Trabajo, arte, técnica, todo está situado en la misma constelación, no hay
barreras divisorias impermeabilizadas entre ellos.
Cierto que todos
trabajamos y no todos somos artistas, pero esa no es una objeción seria.
Tampoco somos todos ingenieros, ni maquinistas, ni barrenderos. El trabajo
tiene mil expresiones, codificadas unas (asalariadas normalmente), y otras voluntarias
(casi siempre no remuneradas). El arte en tanto que forma de trabajo se sale de
lo común; de un lado por su originalidad y su capacidad de representación, y de
otro, por la relación peculiar entre el artista y su cliente.
Pero sigue siendo trabajo,
afirma Deresiewicz, y en consecuencia genera un valor que debería retribuir
principalmente al creador.
En la era de los billonarios
y de la tecnología no ocurre así, sin embargo. Aquí el artista es un trabajador
precario más; un esclavo de las vicisitudes de un mercado muy mediatizado, y del
capricho de las grandes corporaciones que marcan las tendencias y manipulan así
el gusto de las audiencias.
No es su talento entonces lo
que le permite al artista abrirse paso; no lo es tampoco la aceptación de un
público global, que solo puede tener noticia de él a través de los grandes
medios de divulgación cultural. (Los medios “son” el mensaje, parafraseando a
McLuhan).
En el actual escalón
tecnológico, tiende a darse por sentado que los contenidos se ofrecen universalmente de forma gratuita porque no incorporan un valor económico. Lo que sí se valora, en cambio, es el acceso universal,
fácil e instantáneo del público global a esos contenidos.
Ocurre entonces que las
nuevas plataformas tipo Google, Amazon y demás, desvían la remuneración desde
los creadores de contenidos hacia ellas mismas, las distribuidoras.
Eso supone un peligro
cierto para la calidad de los contenidos que difunden, y para la sostenibilidad
del esfuerzo de los trabajadores creativos. La globalización supone una pauta
de adocenamiento, de uniformidad de los contenidos ofrecidos. Ninguna forma de
arte es considerada primordial e insustituible; y la actividad artística, de la
misma forma que el trabajo asalariado de todo tipo, se trata como una “fuerza”

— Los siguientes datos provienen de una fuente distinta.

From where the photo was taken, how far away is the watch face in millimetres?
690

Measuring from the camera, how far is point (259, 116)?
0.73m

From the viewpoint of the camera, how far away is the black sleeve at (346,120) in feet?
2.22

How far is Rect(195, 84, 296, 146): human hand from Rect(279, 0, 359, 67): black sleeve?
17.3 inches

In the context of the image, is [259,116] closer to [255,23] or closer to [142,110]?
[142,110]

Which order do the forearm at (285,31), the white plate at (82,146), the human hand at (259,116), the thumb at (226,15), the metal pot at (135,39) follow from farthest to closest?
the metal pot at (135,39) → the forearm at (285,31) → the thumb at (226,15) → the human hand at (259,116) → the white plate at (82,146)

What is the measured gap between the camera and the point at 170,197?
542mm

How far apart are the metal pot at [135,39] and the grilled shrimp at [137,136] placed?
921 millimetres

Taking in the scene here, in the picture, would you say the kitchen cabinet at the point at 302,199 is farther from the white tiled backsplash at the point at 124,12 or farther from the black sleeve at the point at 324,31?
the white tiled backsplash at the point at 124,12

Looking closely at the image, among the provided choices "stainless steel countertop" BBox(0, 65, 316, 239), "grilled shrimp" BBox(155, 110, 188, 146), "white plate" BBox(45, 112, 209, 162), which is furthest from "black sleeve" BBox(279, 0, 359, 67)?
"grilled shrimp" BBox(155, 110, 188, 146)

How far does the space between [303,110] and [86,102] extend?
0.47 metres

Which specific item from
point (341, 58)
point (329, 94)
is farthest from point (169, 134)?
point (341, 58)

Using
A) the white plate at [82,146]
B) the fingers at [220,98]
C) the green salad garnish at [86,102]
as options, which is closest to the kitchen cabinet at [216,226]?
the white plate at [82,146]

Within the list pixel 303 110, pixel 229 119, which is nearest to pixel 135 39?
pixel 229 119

abstracta, fungible, infinitamente sustituible, a la que únicamente confiere un
valor sustancial (es decir, económico) el toque mágico de la tecnología de la
comunicación más sofisticada, que tiene la capacidad de colocar esa fuerza
innominada, en buenas condiciones, en el mercado global.
Urge una reflexión más
ajustada sobre la creación de valor, y sobre el trabajo y la cultura, el arte y la tecnología, la vanguardia
artística y el mercado global del arte.